It was almost all too much for Dolly not to mention in her diary something about her paranormal beliefs and skills, though characteristically they had been told to her in absolute confidence: ‘Sylvia couldn’t talk about things she really felt to those who were not very close to her. She had an inner life of her own, & was to me always interesting.’ The entry for Sunday 15 October 1892 reads: ‘Talked a good deal with sweet Sylvia, who told me a good deal about her family etc.’ There then follows instructions about how to hypnotise someone, clearly copied down after Sylvia had described the process to her:
Place yourself before the subject with your thoughts concentrated on the effect you wish to produce, you tell him to look at you steadily and think only of sleep. Raise your hands with the palms towards him, over the crown of head and before the forehead where you keep them for one or 2 minutes, & move them slowly down to the pit of stomach, without touching subject, at a distance of one or 2 inches from body, as soon as hands reach lowest part of the stroke you carry them again in a wide sweep with outspread arms over subject’s head. Repeat same movements for 10 minutes.

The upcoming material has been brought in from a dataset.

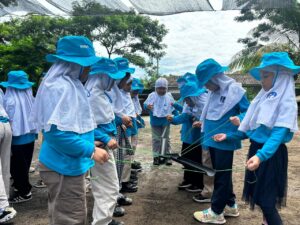 Murid-murid Primary 1 SD Islam Al Azhar 11 Surabaya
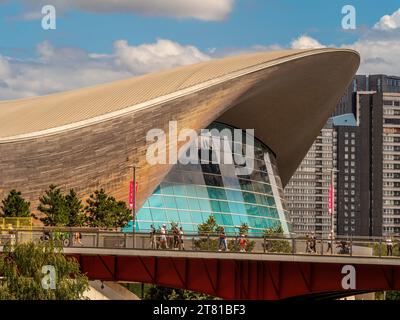 Das London Aquatics Centre wurde von der verstorbenen Zaha Hadid entworfen, Olympic Park, Stratford, London, Großbritannien. Stockfoto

The truth was that Sylvia’s secret inner life made her who she was, the Sylvia she shows us in the dreamy photographs that Barrie took, her undemonstrative moments, as if she was away in another world, which she was when the mood took her.
Wrote her son, Peter, ‘People of both sexes told of the indelible impression she left with them of something rarer than mere charm, and deeper than mere beauty.’ Arthur’s brother, Crompton, ‘as a rule pretty reticent, once, shortly before his death, tried to talk about her to [Peter’s wife] and me; and it was as if he spoke of a being of more than earthly loveliness’.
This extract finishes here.